The US will participate in war games with the Indian military in an area of India that is less than 62 miles away from the country’s disputed border with China, known as the Line of Actual Control (LAN).
The drills will be held from October 18-31 and will be the eighteenth iteration of annual exercises between the two militaries known as Yudh Abhyas, which is Hindi for “war practice.” They will be held in the Auli area of the Indian state of Uttarakhand in the Himalayas mountain range.
The Yudh Abhyas drills are meant to train for fighting in high altitudes. The last iteration of the exercises was held in the mountains of Alaska in October 2021.
Tensions have been high between India and China in the Himalayas since June 2020, when clashes in the Galwan Valley killed 20 Indian troops and four Chinese soldiers. Since then, China and India have been engaged in talks to reduce tensions, but they have also reinforced their militaries along the LAN.
The US has been increasing military ties with India in recent years with hopes of using New Delhi as a counter to Beijing. After the Galwan Valley clashes, the US and India signed a new military pact, known as the Basic Exchange and Cooperation Agreement (BECA).
Under BECA, the US can share more intelligence and satellite information with India.
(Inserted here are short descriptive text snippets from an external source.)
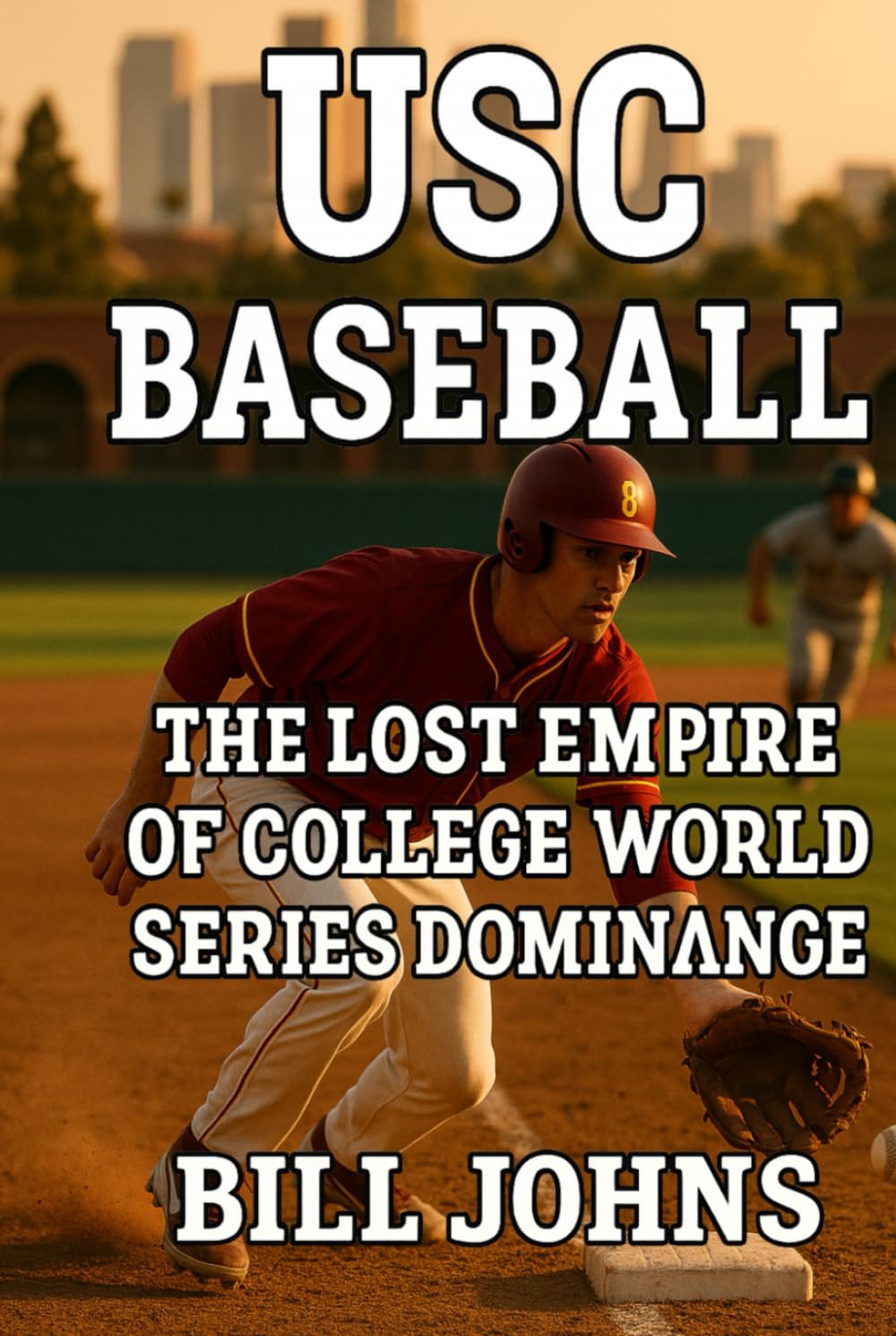 USC Baseball: The Lost Empire of College World Series Dominance (The Diamond Republic: College Baseball and the American Imagination)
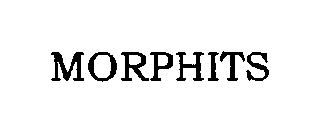MORPHITS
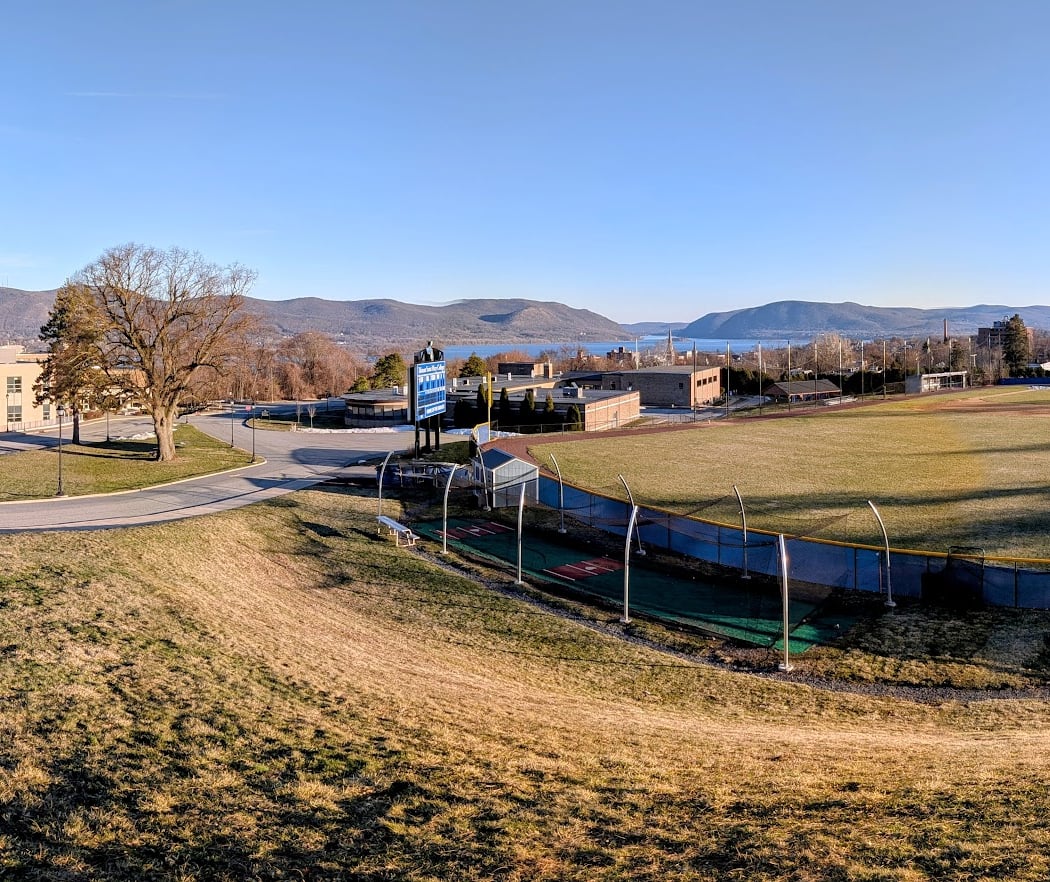 Mount Saint Mary College Softball vs St. Joseph's University Long Island 2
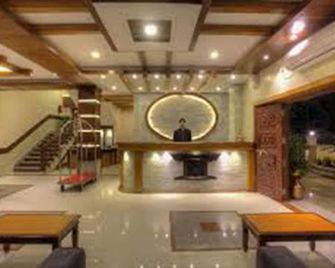 Hotel The White Lotus View Pvt Ltd - Siddharthanagar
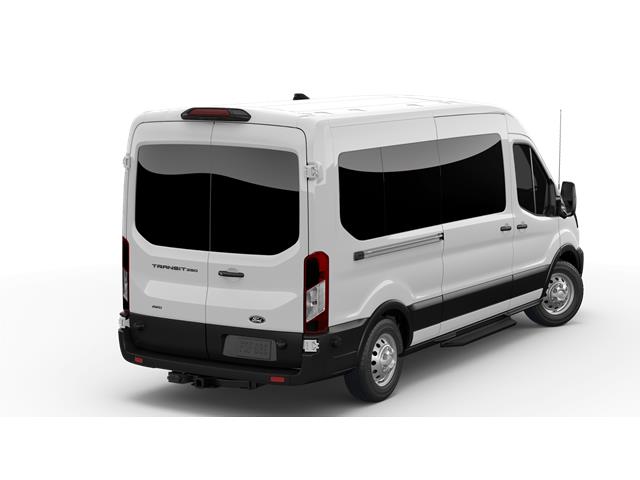 2026 Ford Transit-350 Passenger XL (Stk: NA02386) in Shellbrook - Image 3 of 6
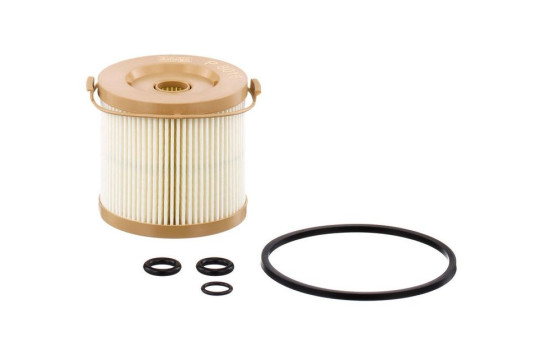 Filtro de combustible P 8016 x MANN-FILTER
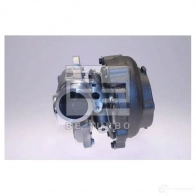 Турбина BE TURBO 1264899 128057 4250476280574 7RDJ7 UQ - Изображение 4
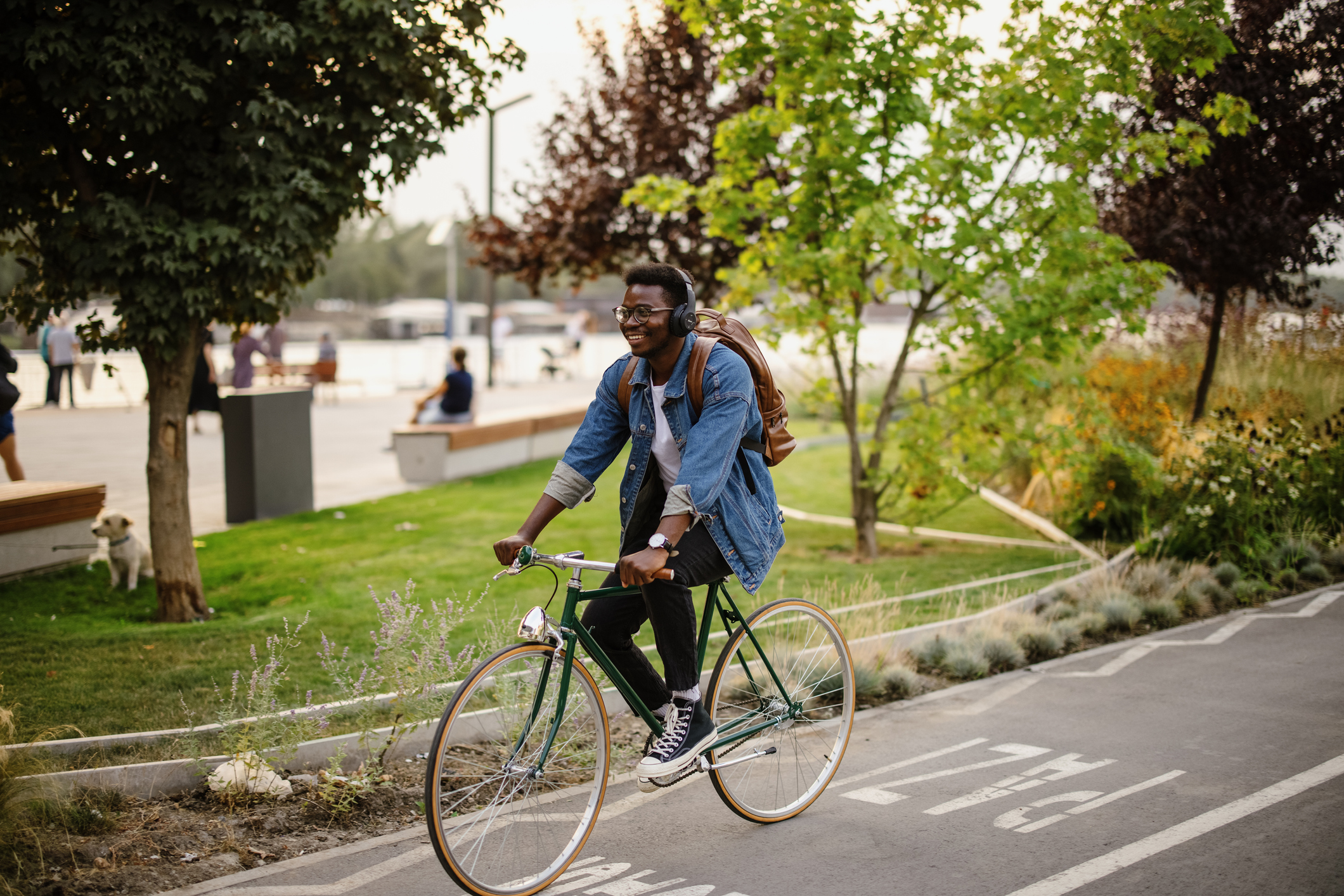 Artikelbild zum Beitrag: Statusupdate Mobilität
US military leaders have said that since signing the pact, the US has been able to help India with surveillance of the Chinese military along the LAN. The intelligence could also potentially be used for Indian missile strikes in the region.
Location of the major June 2020 border clash which left 20 Indian troops dead, via BBC:
News of the drills comes not long after House Speaker Nancy Pelosi (D-CA) made her provocative trip to Taiwan, which China responded to by launching its largest-ever military drills around the island.
Beijing also responded by cutting off military talks with Washington, and tensions between the US and China continue to soar.